WASHINGTON, December 4, 2012 – Frothy and fun, the Virginia Opera’s holiday production of Johann Strauss the Younger’s classic light opera, Die Fledermaus, brightened the stage of George Mason University’s Center for the Arts this past Friday and Sunday. Always a crowd pleaser and usually sung these days in English, at least in the U.S., the company’s production boasted lavish period costumes, decadent drawing room sets designed by the popular Erhard Rom, and best of all, decent singing for the most part.
Although the 1874 premiere of Fledermaus was a flop, due largely to extraordinary circumstances, the opera quickly recovered and remains one of the most performed operatic works in the repertoire even to this day. The key to the opera’s success is not due at all to its supremely silly plot, but to the nonstop cavalcade of beloved Johann Strauss dance tunes that flow almost continuously, from the initial downbeat of its popular overture to the last bar of the finale.
“Die Fledermaus”—literally “the flying mouse”—is actually the German term for “bat.” But Strauss’ eponymous opera has nothing to do with Dracula and Transylvania. Instead, its gossamer-thin plot revolves around a point-counterpoint of practical jokes.

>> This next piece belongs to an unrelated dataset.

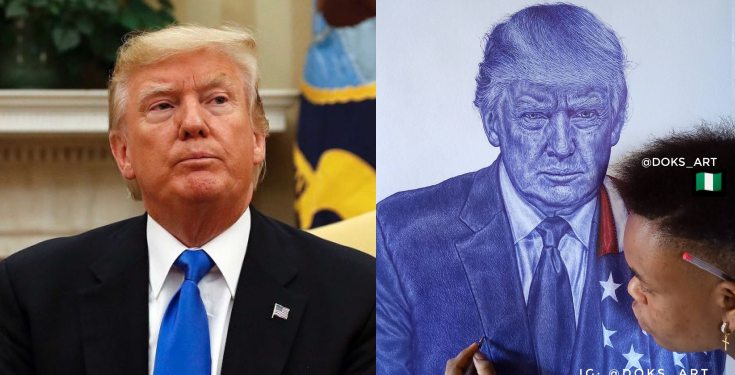“Never give up,” - Donald Trump replies Nigerian boy who drew his portrait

Early in Act I we learn that, prior to the opera’s opening curtain, the opera’s central character, Gabriel von Eisenstein (baritone Philip Cutlip), had pranked his pal, Dr. Falke (baritone Christopher Burchett), at a costume ball some time in the near past. He’d allowed his drunken friend to pass out and sleep it off on a very public park bench, fully costumed as a bat, which exposed Falke to considerable public ridicule when he awoke the following morning.
Now it’s Dr. Falke’s turn to demonstrate that turnabout is fair play. Eisenstein is about to be jailed for a few days, the result of a minor altercation. But Falke convinces Eisenstein to head for a gala Christmas party the very evening his friend is supposed to surrender to the jail’s warden, Frank (bass-baritone Jake Gardner).
The party is a set-up, of course, staged by Falke at the lavish home of the Russian Count Orlovsky (mezzo Abigail Nims in a trouser role), with the Count’s collusion.
Meanwhile, back at the Eisenstein ranch, Eisenstein’s missus, Rosalinde (soprano Emily Pulley), is tempted to resume her long-ago affair with her former lover, the omnipresent Alfred (tenor Ryan MacPherson), but manipulates him into going to jail in the place of her husband. Ultimately, Rosalinde and her crafty maid, Adele (soprano Sarah Jane McMahon), show up in disguise at the big party. When Eisenstein, Falke, warden Frank, and all the others show up, predictable chaos ensues as Eisenstein attempts to seduce his own wife. It’s the Revenge of the Bat.
With such a flimsy plot, it’s the theatrical color and the music that bring any production of Fledermaus to life and this one was no exception. The singing, while not particularly brilliant, was workmanlike, burnished by the remarkably canny comic instincts of the singers.
The best singing during Friday evening’s performance, at least as far as we’re concerned, was turned in by Sarah Jane McMahon as Adele. She took a bright, sunny, devil-may-care attitude toward her character, accentuating it in her singing, and it added real life to the evening. Philip Cutlip was also quite good as the befuddled Eisenstein, although both he and soprano Emily Pulley (Rosalinde) exhibited signs of vocal strain more than once.
Christopher Burchett’s Falke was good as the evening’s master manipulator and resident bat, Ryan MacPherson’s interpretation of Alfred as a vain Italian tenor added to the amusement factor, and Jake Gardner was in excellent voice as Frank. On the other hand, Abigail Nims seemed a little uncomfortable as Count Orlovsky, although she sang well.
An extra hat tip to stage actor and comic Grant Neal, who led off Act III as the jail attendant, Frosh, traditionally an improv comedy bit that’s become an integral part of Fledermaus, where audiences have learned to expect wry references to contemporary politics and events in Frosh’s snappy patter. In the main, Mr. Neal’s patter was generally on target and his slapstick skills were superb.
The company was ably accompanied by the Virginia Symphony Orchestra under the baton of Gary Thor Wedow. Stage direction by Dorothy Danner was expansive, broadly comic, and highly effective in the various dance routines that are a highlight of Act II. The production’s only downside was its relatively lame English translation. On the other hand, the cast’s diction was generally superb—particularly that of Ms. McMahon—which helped the entire confection go down quite smoothly.